**MATERIAL TO PROCESS**
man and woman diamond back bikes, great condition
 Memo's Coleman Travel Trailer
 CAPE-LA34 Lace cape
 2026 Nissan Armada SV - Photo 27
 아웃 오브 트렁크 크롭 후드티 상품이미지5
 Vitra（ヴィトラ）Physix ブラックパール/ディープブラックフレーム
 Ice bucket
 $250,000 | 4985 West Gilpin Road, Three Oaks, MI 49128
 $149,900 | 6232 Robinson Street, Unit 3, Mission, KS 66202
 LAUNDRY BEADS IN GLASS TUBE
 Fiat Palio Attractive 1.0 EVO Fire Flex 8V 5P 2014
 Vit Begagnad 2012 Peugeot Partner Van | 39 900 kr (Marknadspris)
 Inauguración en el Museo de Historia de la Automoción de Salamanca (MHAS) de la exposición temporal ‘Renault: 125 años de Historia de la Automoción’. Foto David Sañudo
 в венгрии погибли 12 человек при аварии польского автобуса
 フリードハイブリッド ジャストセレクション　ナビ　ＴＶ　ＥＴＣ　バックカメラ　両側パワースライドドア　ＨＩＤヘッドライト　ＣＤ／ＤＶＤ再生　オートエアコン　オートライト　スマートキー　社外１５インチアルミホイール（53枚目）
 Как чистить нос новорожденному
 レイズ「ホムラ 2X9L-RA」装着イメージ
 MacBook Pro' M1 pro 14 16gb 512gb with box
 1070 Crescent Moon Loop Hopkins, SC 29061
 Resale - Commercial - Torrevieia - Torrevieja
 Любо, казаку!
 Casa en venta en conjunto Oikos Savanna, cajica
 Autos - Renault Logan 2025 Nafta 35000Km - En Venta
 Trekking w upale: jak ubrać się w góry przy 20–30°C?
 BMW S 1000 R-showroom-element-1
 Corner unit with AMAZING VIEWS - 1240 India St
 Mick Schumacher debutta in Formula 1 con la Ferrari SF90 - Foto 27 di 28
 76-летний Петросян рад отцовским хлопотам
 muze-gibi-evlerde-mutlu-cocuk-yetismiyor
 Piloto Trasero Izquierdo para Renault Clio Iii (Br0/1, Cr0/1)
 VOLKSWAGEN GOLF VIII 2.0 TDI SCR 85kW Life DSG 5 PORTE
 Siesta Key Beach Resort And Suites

**EXERCISE DESCRIPTION**
Every record above needs to be returned in full, exactly.

**TASK OUTPUT**
man and woman diamond back bikes, great condition
 Memo's Coleman Travel Trailer
 CAPE-LA34 Lace cape
 2026 Nissan Armada SV - Photo 27
 아웃 오브 트렁크 크롭 후드티 상품이미지5
 Vitra（ヴィトラ）Physix ブラックパール/ディープブラックフレーム
 Ice bucket
 $250,000 | 4985 West Gilpin Road, Three Oaks, MI 49128
 $149,900 | 6232 Robinson Street, Unit 3, Mission, KS 66202
 LAUNDRY BEADS IN GLASS TUBE
 Fiat Palio Attractive 1.0 EVO Fire Flex 8V 5P 2014
 Vit Begagnad 2012 Peugeot Partner Van | 39 900 kr (Marknadspris)
 Inauguración en el Museo de Historia de la Automoción de Salamanca (MHAS) de la exposición temporal ‘Renault: 125 años de Historia de la Automoción’. Foto David Sañudo
 в венгрии погибли 12 человек при аварии польского автобуса
 フリードハイブリッド ジャストセレクション　ナビ　ＴＶ　ＥＴＣ　バックカメラ　両側パワースライドドア　ＨＩＤヘッドライト　ＣＤ／ＤＶＤ再生　オートエアコン　オートライト　スマートキー　社外１５インチアルミホイール（53枚目）
 Как чистить нос новорожденному
 レイズ「ホムラ 2X9L-RA」装着イメージ
 MacBook Pro' M1 pro 14 16gb 512gb with box
 1070 Crescent Moon Loop Hopkins, SC 29061
 Resale - Commercial - Torrevieia - Torrevieja
 Любо, казаку!
 Casa en venta en conjunto Oikos Savanna, cajica
 Autos - Renault Logan 2025 Nafta 35000Km - En Venta
 Trekking w upale: jak ubrać się w góry przy 20–30°C?
 BMW S 1000 R-showroom-element-1
 Corner unit with AMAZING VIEWS - 1240 India St
 Mick Schumacher debutta in Formula 1 con la Ferrari SF90 - Foto 27 di 28
 76-летний Петросян рад отцовским хлопотам
 muze-gibi-evlerde-mutlu-cocuk-yetismiyor
 Piloto Trasero Izquierdo para Renault Clio Iii (Br0/1, Cr0/1)
 VOLKSWAGEN GOLF VIII 2.0 TDI SCR 85kW Life DSG 5 PORTE
 Siesta Key Beach Resort And Suites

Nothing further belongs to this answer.